Report back every line below that carries the word "with".
+++ DATA TO EXAMINE
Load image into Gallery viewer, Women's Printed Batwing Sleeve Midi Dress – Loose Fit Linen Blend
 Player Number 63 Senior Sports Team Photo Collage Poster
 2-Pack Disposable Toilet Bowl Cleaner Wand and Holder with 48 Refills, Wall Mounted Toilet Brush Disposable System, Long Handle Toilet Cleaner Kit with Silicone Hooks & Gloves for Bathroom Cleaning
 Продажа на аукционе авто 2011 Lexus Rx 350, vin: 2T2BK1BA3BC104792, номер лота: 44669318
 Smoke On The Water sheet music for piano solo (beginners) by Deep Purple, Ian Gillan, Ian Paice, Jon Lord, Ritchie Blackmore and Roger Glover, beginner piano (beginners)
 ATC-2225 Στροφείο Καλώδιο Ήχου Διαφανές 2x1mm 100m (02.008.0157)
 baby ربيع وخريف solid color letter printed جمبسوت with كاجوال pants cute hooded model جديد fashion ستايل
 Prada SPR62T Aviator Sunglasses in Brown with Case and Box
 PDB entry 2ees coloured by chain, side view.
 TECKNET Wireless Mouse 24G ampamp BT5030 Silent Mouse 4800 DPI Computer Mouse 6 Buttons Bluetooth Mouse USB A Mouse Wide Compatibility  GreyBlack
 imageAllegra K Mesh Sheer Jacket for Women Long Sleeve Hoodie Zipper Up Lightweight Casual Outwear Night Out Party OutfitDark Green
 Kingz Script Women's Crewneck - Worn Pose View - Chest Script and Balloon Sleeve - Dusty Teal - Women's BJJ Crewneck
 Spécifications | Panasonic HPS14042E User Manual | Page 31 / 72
++++++
◆ **RESULT OF THIS EXERCISE**
 2-Pack Disposable Toilet Bowl Cleaner Wand and Holder with 48 Refills, Wall Mounted Toilet Brush Disposable System, Long Handle Toilet Cleaner Kit with Silicone Hooks & Gloves for Bathroom Cleaning
 baby ربيع وخريف solid color letter printed جمبسوت with كاجوال pants cute hooded model جديد fashion ستايل
 Prada SPR62T Aviator Sunglasses in Brown with Case and Box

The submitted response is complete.